CodeQL is a powerful semantic code analysis engine that allows you to query codebases for vulnerabilities and bugs. It is available for free for both research purposes and open source projects. CodeQL is a sibling of Datalog, and was created by Semmle who was acquired by GitHub in 2019. GitHub was previously acquired by Microsoft who keep it as an independent entity.

The CodeQL approach to Static Analysis is very promising for security tooling, as detectors are modular, easy to write and maintain, and edge cases found may be quickly incorporated into the original queries to improve accuracy and reduce false positives without the need to rethink the logic from scratch. Also, they are surprisingly fast.

This is how we built support for Solidity in codeQL:

  1. We used this tree-sitter grammar for Solidity (credit to Joran Honig!), as it is well maintained and mature.
  2. We adapted CodeQL helper generation scripts (written by the Github team for the Ruby language, as explained in this blog entry) to work with this grammar, creating a language specific database scheme and an extractor for Solidity codebases.
  3. To take advantage of the rich expressiveness of CodeQL and be able to write more insightful queries, we construct the following layers on top of the AST auto-generated from the Treesitter grammar:
    • A user-friendly layer of abstraction to expose AST elements (e.g. function definitions, function calls, operators, etc.) with a clean, declarative interface.
    • Create a CFG (Control Flow Graph) and its primitives to allow for reasoning at the control flow level.
    • Support for Dataflow Analysis and Taint Analysis.

We currently have more than eight active detectors and are continuously expanding this number.
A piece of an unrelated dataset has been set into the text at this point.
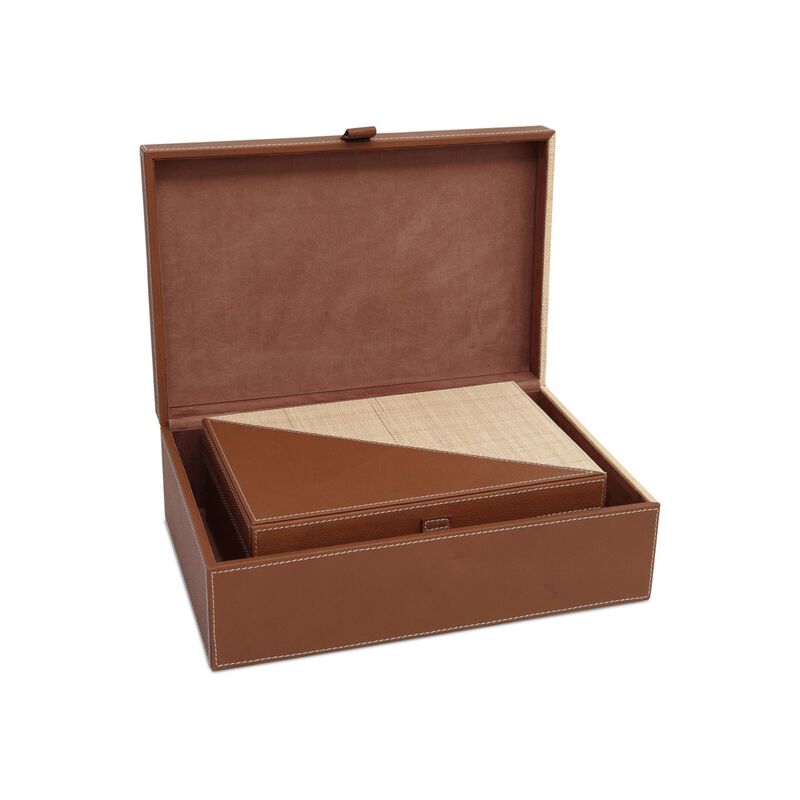 Leather & Raffia Accent Box Set of 2 by Currey & Company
We’re also actively encouraging the security community to contribute, aiming to enhance the security of the entire blockchain ecosystem.
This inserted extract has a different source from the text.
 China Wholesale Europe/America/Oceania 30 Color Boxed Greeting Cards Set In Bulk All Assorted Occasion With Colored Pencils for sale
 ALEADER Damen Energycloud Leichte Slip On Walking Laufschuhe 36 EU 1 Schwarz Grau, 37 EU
Examples of Issues with Slither

When attempting to utilize the intermediate representation, SlithIR to do dataflow analysis we encountered the following bug:

Suppose we have this Solidity snippet for a contract called PoC:

// SPDX-License-Identifier: MIT 
pragma solidity ^0.8.0;

contract PoC {
    constructor() {}
    function bug(int256 num) external pure returns (uint256) {
        uint256 res = 2;
        if (num > 0){ 
            res = 1;
        } else if (num < 0) {
            res = 0;
        }
        return res;
    }
}

Running Slither on top, and outputing the SlithIR representation yields:

INFO:Printers:Contract PoC
        Function PoC.constructor()
        Function PoC.bug(int256)
                Expression: res = 2
                IRs:
                        res_1(uint256) := 2(uint256)
                Expression: num > 0
                IRs:
                        TMP_0(bool) = num_1 > 0
                        CONDITION TMP_0
                Expression: res = 1
                IRs:
                        res_2(uint256) := 1(uint256)
                Expression: num < 0
                IRs:
                        TMP_1(bool) = num_1 < 0
                        CONDITION TMP_1
                Expression: res = 0
                IRs:
                        res_3(uint256) := 0(uint256)
                IRs:
                        res_4(uint256) := ϕ(['res_3', 'res_1'])
                IRs:
                        res_5(uint256) := ϕ(['res_2', 'res_1'])
                Expression: res
                IRs:
                        RETURN res_5

Note the orphaned phi node assigned to res_4.

In simple terms, when there is any assignment to a variable declared outside of a conditional in both an IF and an ELSE block, the SSA form of the intermediate representation breaks and we get orphaned phi nodes at the end, thus making it impossible to analyze flow in this scenario. For more information, refer to this issue in the official repo.

Why Blockchain Stack Security Matters, Even for Crypto Skeptics

The particular thing about crypto cybersecurity is the closeness of money to hackers, the relatively small smart contract codebases compared to traditional software. One simple example is that if you hack a bank through their web page (without impersonating or scamming someone) you don’t access the treasury directly. In DeFi apps most hacking events means getting the TVL inside the system. A good list of hacks with their amount is available at https://rekt.news/es/leaderboard/. We can have the position of completely dismiss the Web3 world or take into account that Web3 is a good playground, specially for extrapolating the research in this space to practices in the traditional software world.